Monday, June 16, 2008

"Incandescent War Poem Sonnet" by Bernadette Mayer

Just back from the National Poetry Foundation conference on "Poetry and the 1970s"--another incredibly stimulating time with a horde of scholars, poets, poet-scholars, most of which have affiliations with the alternative/experimental poetries that the NPF has published and promoted (the Pound/Zukofsky/Williams line, the New American Poets as represented by Don Allen's famous 1960s anthology, and Olson/Creeley and the Black Mountain School in particular). One of the half-dozen poets featured at the conference, Bernadette Mayer read while sitting down, in the Colby Museum of Art, because she had recently had a fall and broken her neck. Still, she was spirited and funny, wondering if Elvis were also in the crowd of luminaries.
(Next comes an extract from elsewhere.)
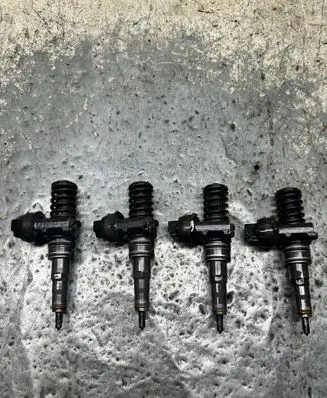 Skoda Octavia Mk2 (1Z) Fuel injectors set 038130073BN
Here's a poem of hers that Halvard Johnson happened to pass through his email list, and, given its title and concerns, I thought I'd pass it along to you.

Incandescent War Poem Sonnet

Even before I saw the chambered nautilus
I wanted to sail not in the us navy
Tonight I'm waiting for you, your letter
At the same time his letter, the view of you
By him and then by me in the park, no rhymes
I saw you, this is in prose, no it's not
Sitting with the molluscs & anemones in an
Empty autumn enterprise baby you look pretty
With your long eventual hair, is love king?
What's this? A sonnet? Love's a babe we know that
I'm coming up, I'm coming, Shakespeare only stuck
To one subject but I'll mention nobody said
You have to get young Americans some ice cream
In the artificial light in which she woke

--Bernadette Mayer

fr. Sonnets [New York: Tender Buttons, 1989]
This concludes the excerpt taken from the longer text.